Here’s a chocolate chip cookie recipe, using almond flour and an egg. This recipe is similar to my other chocolate chip cookie recipe that is egg-free (and dairy-free if you want to use oil instead of butter).
I can have a batch of about 40 chocolate chip cookies made in about 20 minutes with this recipe. I have three cookie sheets, and non-stick cookie sheet liners (or I use parchment paper). And you can also cut this recipe in half if you don’t want as many cookies, or you don’t have the time and three cookie sheets.
Chocolate Chip Cookies
I’ve made this recipe with Demerara sugar in place of the honey – the cookies just need to be shaped and flattened a bit if you want them to look like a smooth cookie. They come out with a nice crunch to them. The same goes for cookies that have coconut oil—shape them a bit before they go in the oven.
This cookie comes out a bit crunchy when made with honey, but looses the crunch as it cools.
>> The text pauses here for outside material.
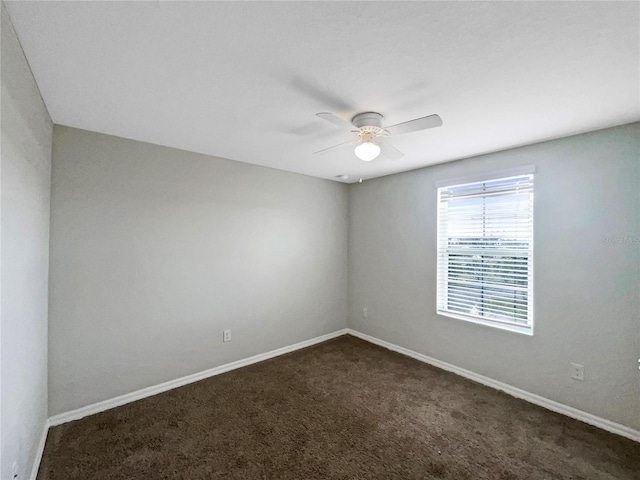 empty room featuring ceiling fan, baseboards, and dark colored carpet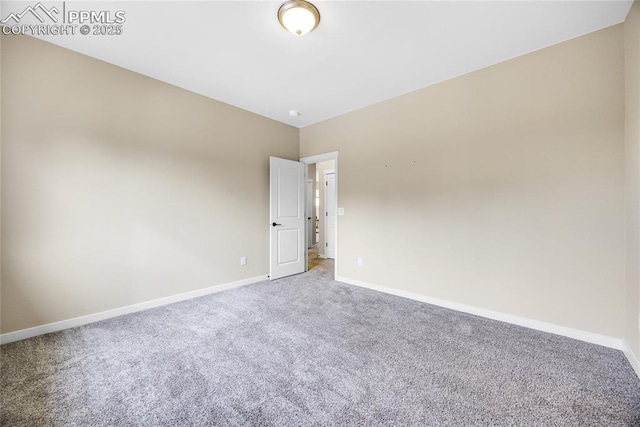 carpeted empty room featuring baseboards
If you want to get back the crunch and have a warm cookie, straight from the oven, you can do one of the following: 1) reheat them in the oven for a few minutes 2) leave them in the oven for another 20 minutes at about 200 degrees F 3)place them in a dehydrator for about 2 hours on a fairly low temperature
- 2 1/2 cups of almond flour
- 1/4 teaspoon of salt
- 1/4 teaspoon of baking soda
- 8 tablespoons of unsalted butter, melted (or 1/2 cup of coconut oil or vegetable shortening, melted)
- 1/2 cup of honey (or other sweetener)
- 1 egg
- 1 tablespoon of vanilla
- 1 cup of chocolate chips (not for SCD)
- Preheat oven to 350 degrees F.
- Combine all the dry ingredients in a bowl and blend with a spoon.
- Add the wet ingredients and blend it well with a spoon.
- Drop about a tablespoon of batter in each cookie spot on the cookie sheets. Space them about 1 1/2 inches apart.
- Bake for 12 to 15 minutes, or until they are starting to brown around the edges.